Meyer said he feels that the handful of neighbors who have filed complaints and who are working with the group have legitimate and fair issues that need to be raised — no matter how loved Volunteer Park Cafe is.
“I’ve been a customer and it’s great cafe,” Meyer said. “My family has enjoyed the cafe. We’ve spent hundreds of dollars. We felt like we were great neighbors.” But, like Jones, Meyer said that he and a half dozen other neighbors in the group are concerned about the restaurant’s growth and have specific areas of business they want to see addressed if Volunteer Park Cafe is going to continue to operate in the neighborhood.
Meyer listed the group’s priorities for CHS:
- Fire safety related to a busy commercial kitchen in a residential neighborhood
- Limited seating
- No crowding of sidewalk with patio seating
- Fix overflowing dumpsters
- Better solution for delivery trucks
- Limited operating hours and patio and garden hours
Better parking solutions
Jones, who works in the contracting and construction business, said he has known about the zoning for the space since he moved into the neighborhood 31 years ago and a grocery store operated on the corner. He said back when he was making the decision to buy the house neighboring the old grocery, he was concerned about the future of the store and spent an hour down at City Hall talking with staff about the limitations for the space.
When the cafe first opened, Jones said its scale wasn’t a problem for the street.
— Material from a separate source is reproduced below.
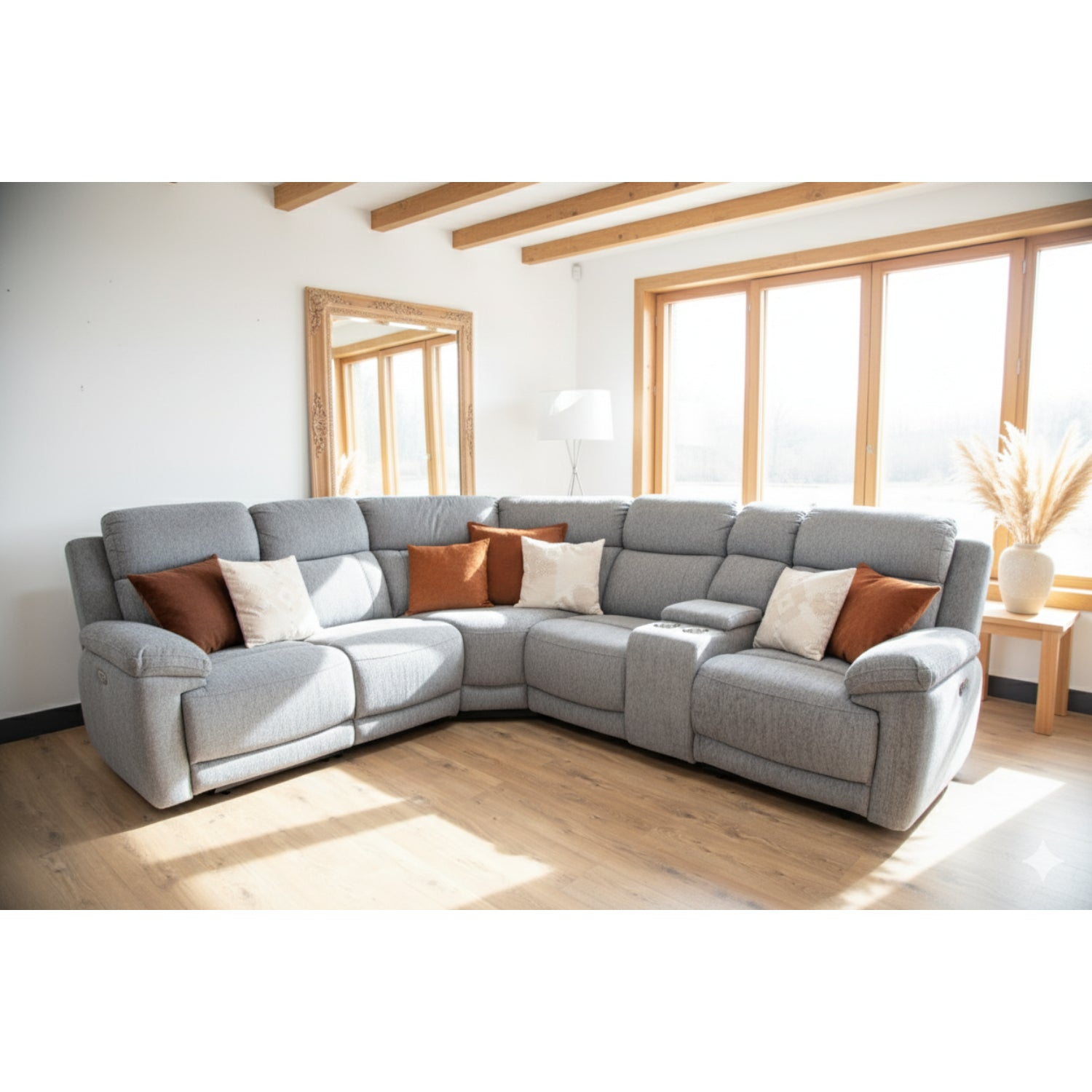 Owen Electric Recliner Sofa Large Corner in Grey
But dinner hours, a more and more crowded sidewalk seating set-up, increased popularity and traffic and, finally, the plans VPC started making for its garden dining area convinced him that something needed to be done.
Jones said he took his concerns up with the cafe in February and was informed that the owners had been advised by a lawyer that their use of the space was legitimate. Jones said he knew better and filed the complaint with DPD in May.
Jones also tells CHS that he didn’t intend to be part of the story. “You’re the first people I’ve talked to,” Jones said. “When I made the complaint, the city said my name would be confidential. ‘We highly recommend you not communicate with the owner and that you allow the city to handle this,’ they said.”
When CHS asked DPD staff to provide names of neighbors who had complained in the situation, we were told the names of complainants were confidential.
Jones’ name getting mixed into this situation is only part of the communication problems that have also been in play. When Volunteer Park Cafe sent out information about their patio and plans for a garden and chicken coops to the media, Jones and Meyer say they neglected to talk to neighbors about the project.
“We’re confused by their inability to simply talk with neighbors,” Meyer said.
While Meyer didn’t rule out meeting with the cafe’s owners, nothing is planned and the group is focused on the change of use application and public process that will follow. Meyer said he feels the process will be his group’s opportunity to lay out their concerns and put conditions on how Volunteer Park Cafe operates on the street.
“A good public process is important if the cafe owners have no interest in actually working with the neighbors,” Meyer said.
Jones is thinking about his home on Capitol Hill.
“Restaurants come and go. We don’t know who will be the next tenant,” Jones said. “The neighbors are looking more in terms of long term.”
“I plan on being in this house forever,” Jones said. “Chances are, I’ll probably be in the neighborhood a lot longer than they will.”